WHAT TO DO
Your task is to transcribe the data exactly while omitting each picture.

Web page caption snippets:
- Opening Delimiter -

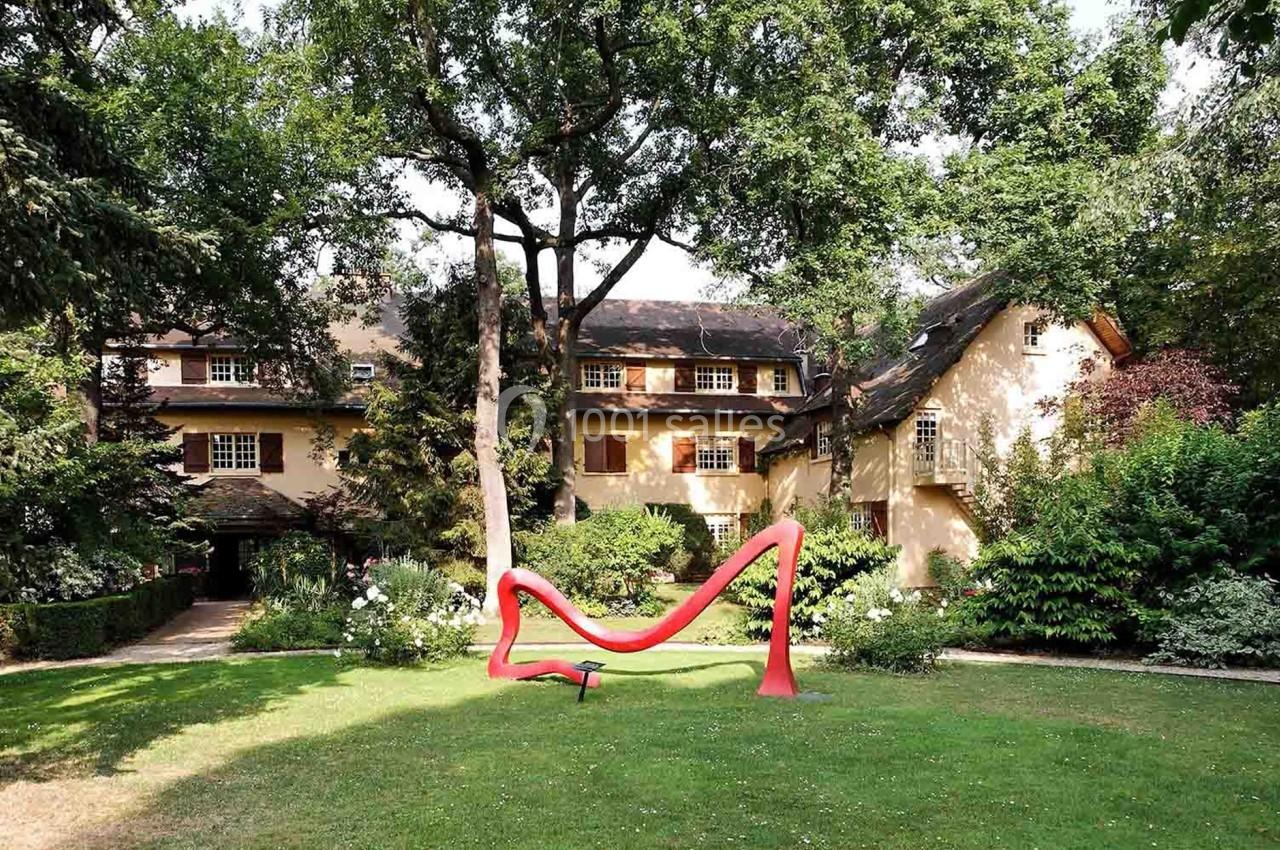 Jardin verdoyant avec une sculpture rouge moderne devant une grande maison à l'architecture traditionnelle.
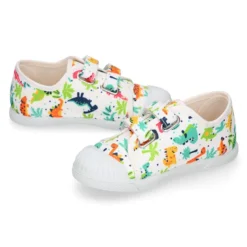 Zapatilla niño sin cordones en lona algodón estampado DINOS y puntera.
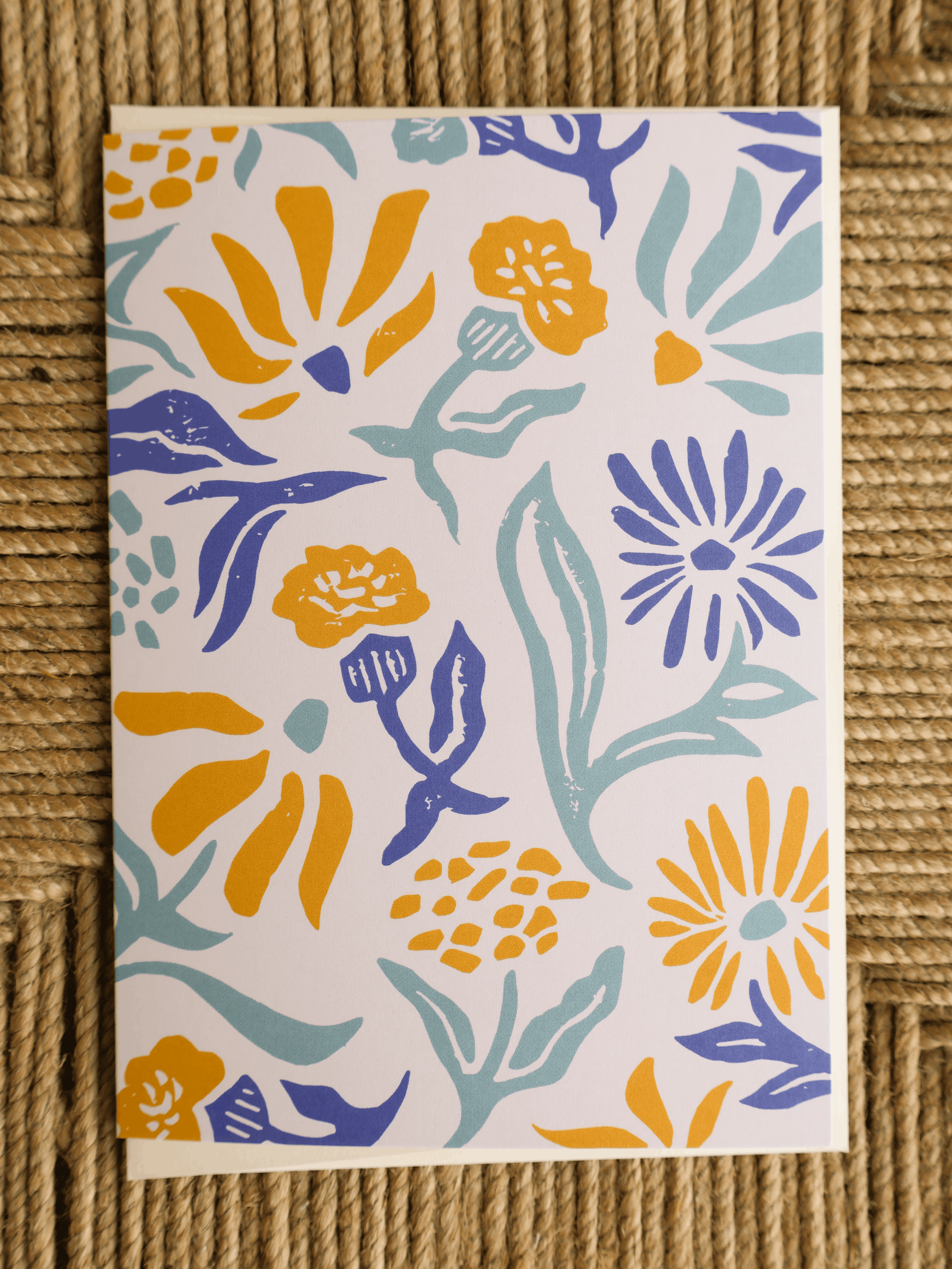 A rectangular art print or card featuring a colorful floral pattern, displayed flat on a textured brown woven mat. The pattern contains yellow, blue, and light teal flowers and leaves on a white background.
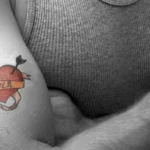 alt="cuore rosso tatuato su un braccio muscoloso di uomo"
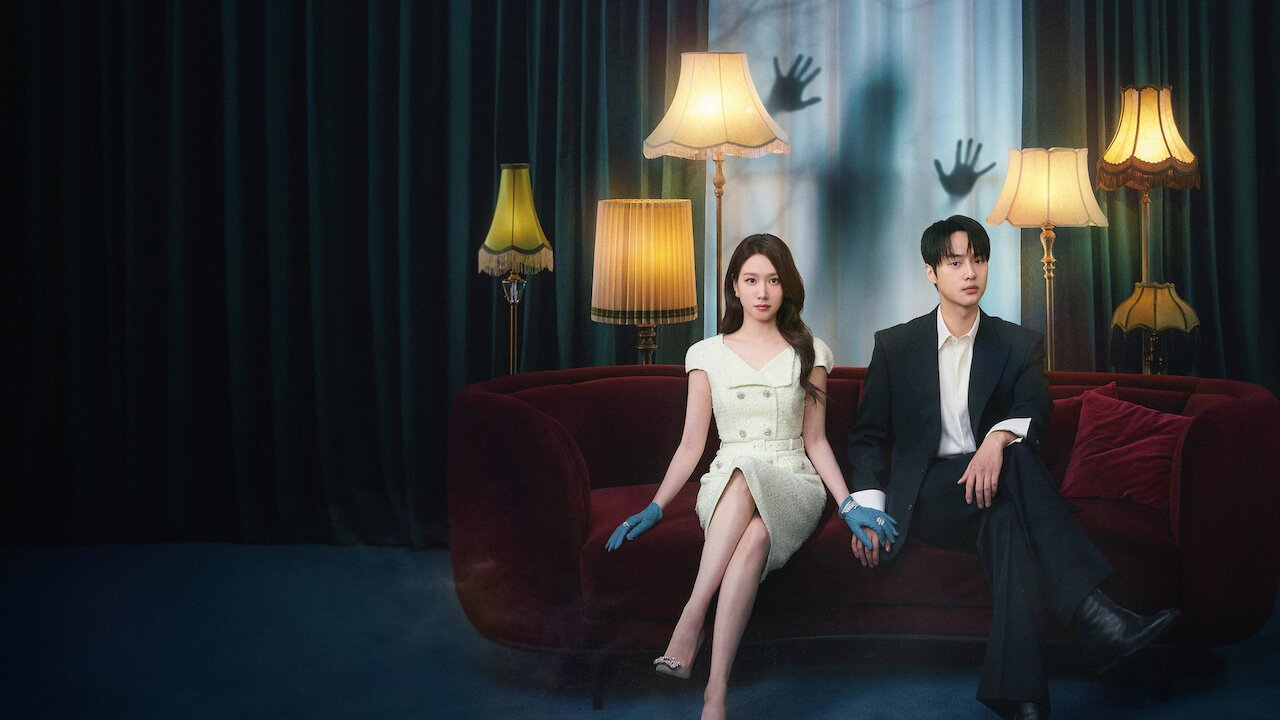 Park Eun-bin de vestido claro e luvas azuis e Yang Se-jong de terno preto de mãos dadas num sofá de veludo vermelho, entre abajures, com sombras de mãos na cortina ao fundo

- Closing Delimiter -

REPLY
 Jardin verdoyant avec une sculpture rouge moderne devant une grande maison à l'architecture traditionnelle.
 Zapatilla niño sin cordones en lona algodón estampado DINOS y puntera.
 A rectangular art print or card featuring a colorful floral pattern, displayed flat on a textured brown woven mat. The pattern contains yellow, blue, and light teal flowers and leaves on a white background.
 alt="cuore rosso tatuato su un braccio muscoloso di uomo"
 Park Eun-bin de vestido claro e luvas azuis e Yang Se-jong de terno preto de mãos dadas num sofá de veludo vermelho, entre abajures, com sombras de mãos na cortina ao fundo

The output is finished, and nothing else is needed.